The common-clearing deal forged in March between the Chicago Board of Trade and the Chicago Mercantile Exchange overcame a big hurdle Wednesday, winning a 14-8 vote of approval from CBOT directors.
The pact still faces additional hurdles, including an Aug. 5 vote by Merc directors and referendums by the memberships of both institutions later this summer, making its final adoption by no means certain.
Nevertheless, Wednesday’s vote represented a significant step toward unifying this crucial element of the futures business–and perhaps merging the exchanges.
“It’s a first step in consolidating the exchanges,” said David Johnson, a principal at Morgan Stanley Dean Witter, and a director of the Chicago Board Options Exchange. “They should merge.”
Clearing systems provide the financial underpinnings of all exchange trading, by guaranteeing transactions and enforcing capital requirements.
At the CBOT, Chairman Patrick Arbor said he would continue pushing for it. “Common clearing is the right thing to do, and now is the right time to do it,” Arbor said. “(It) will result in savings and efficiencies that our customers demand.”
Wednesday’s vote signals that an era of distrust and animosity between the exchanges could be drawing to a close amid alarming competitive threats.
In fact, CBOT directors approved the pact Wednesday in spite of last week’s news that the Merc would be launching a cash-market trading initiative with Cantor Fitzgerald–the New York firm that is forming a computerized exchange to target the Board of Trade’s key Treasury futures products.
Common clearing has become a top priority largely because of pressure on profit margins at the trading firms that bring customer business to the exchanges.
Combining the systems could save millions of dollars each year, the trading firms have contended.

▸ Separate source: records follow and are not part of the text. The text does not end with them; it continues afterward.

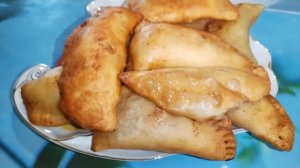Сочные чебуреки в формате мини...мало теста,много начинки....вкусно)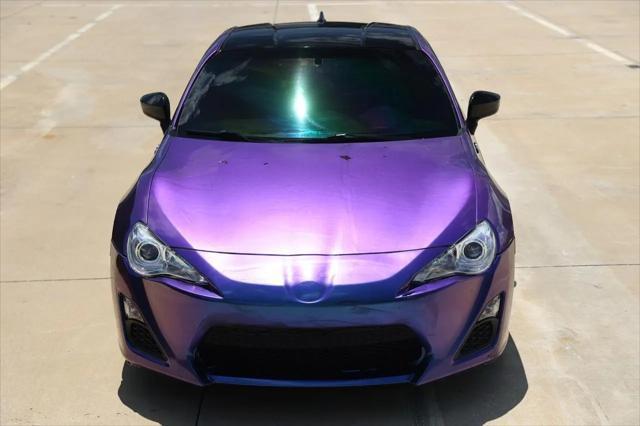 Scion FR-S 2dr Cpe Auto (Natl) 2015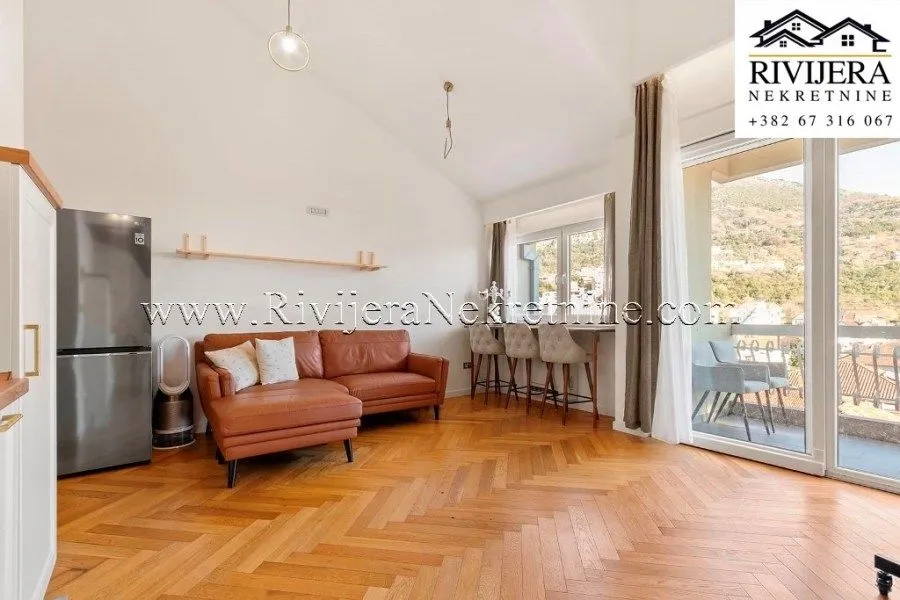 Prodaja, dvosoban stan, 68m², Centar, Tivat
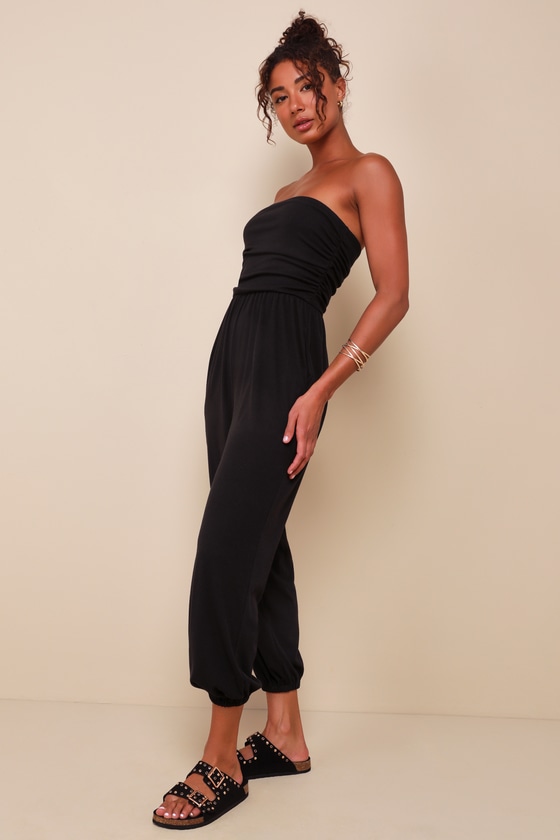 LULUS FLAWLESS COMFORT BLACK RUCHED STRAPLESS JOGGER JUMPSUIT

Even more savings could come as clearing technology is updated, because the industry would bear only one set of development expenses.
The high overhead costs of the open-outcry style of trading–the traditional arm waving and shouting that personify Chicago’s markets–have come under siege as electronic trading has caught on overseas.
At best, common clearing could help preserve open outcry by lowering its costs, its boosters say. At the least, the exchanges can buy goodwill from trading firms that otherwise might rush to embrace alternative computerized markets, such as the proposed Cantor Financial Futures Exchange.
Contrary to terms outlined in March, when the Merc and Board of Trade first reached a tentative agreement, the stand-alone Board of Trade Clearing Corp. would not serve as the shell of the new clearing organization.
That change, which an exchange spokesman said was approved by CBOT directors Wednesday, presumably would mean the Clearing Corp. would liquidate if common clearing became final.
The plan provides for the new clearinghouse to use the Merc’s Clearing 21 computer system. Clearing-member firms and the two exchanges would jointly capitalize the new organization, with 51 percent ownership by the firms and 49 percent by the exchanges.
It’s unclear whether the Chicago exchanges would invite the New York Mercantile Exchange, the nation’s No. 3 futures mart, to consolidate its clearing operations in Chicago right away. Other, smaller exchanges were to face a four-year waiting period under the deal negotiated in March.